The Guyana Legion is a constituent member of the Royal Commonwealth Ex-services League. Founded in 1921, the Leagues aim is to ensure that no pre-independence Commonwealth military veterans should be without help if in need. The debt is huge. Three million Commonwealth soldiers, of whom 440,000 were casualties, fought in the First World War; and four and a half million Commonwealth service men and women from Africa, India and the Caribbean, of whom 360,000 became casualties, participated in the Second World War. The League is a Commonwealth charity with 56 member organisations in 48 Commonwealth countries, where 65,000 eligible veterans and widows have been identified. Colonel Morgan, President of the Guyana Legion, represented Guyana at the Leagues 30th Triennial Conference in Accra, Ghana, on July 19-23 this year. The Legion is also affiliated to the Royal Canadian Legion which provides some financial assistance.

The Guyana Legion is recognised as the mother of all veterans organisations. Owing to the original restriction of ordinary membership to veterans of the two world wars, former members of the British Guiana Volunteer Force, Guyana Defence Force and Guyana Peoples Militia were discouraged from joining. As a result, the Guyana Veterans Foundation was founded in 1995 to provide for the welfare of veterans of post-war military forces for whom it is at present constructing this countrys first national veterans home. The Foundation also constructed the countrys first monument dedicated To the memory of the men and women who served in the military forces of British Guiana and Guyana.
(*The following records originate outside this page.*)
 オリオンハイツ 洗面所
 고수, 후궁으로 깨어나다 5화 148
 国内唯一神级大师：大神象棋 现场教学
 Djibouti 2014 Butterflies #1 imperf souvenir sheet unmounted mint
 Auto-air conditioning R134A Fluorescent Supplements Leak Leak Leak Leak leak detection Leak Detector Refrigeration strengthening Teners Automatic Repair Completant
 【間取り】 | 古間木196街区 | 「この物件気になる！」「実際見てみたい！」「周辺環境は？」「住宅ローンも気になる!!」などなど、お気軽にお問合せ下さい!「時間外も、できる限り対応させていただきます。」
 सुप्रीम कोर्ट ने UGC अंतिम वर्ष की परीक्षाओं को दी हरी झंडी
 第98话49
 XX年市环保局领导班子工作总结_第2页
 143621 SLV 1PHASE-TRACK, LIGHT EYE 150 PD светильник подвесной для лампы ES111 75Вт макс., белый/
Representatives of the veterans organisations met Dr Roger Luncheon, who is Secretary of the Guyana Defence Board, in July 2000 when it was agreed that a single organisation should represent all military veterans in the country. Mr Neil Isaacs, AA, himself a World War II veteran and former president of the Guyana Legion, chaired the interim National Veterans Commission with this in mind and his report laid the foundation for amalgamating all veterans organisations. This policy of amalgamation was reinforced with the election of Colonel Morgan a former commandant of the Guyana Peoples Militia and acting commander of the Guyana Defence Force as the Legions president in February this year. He pledged to move faster towards removing barriers to enable the Legion to embrace all military veterans. The Guyana Veterans Foundation has already taken the first step to merge completely with the Guyana Legion.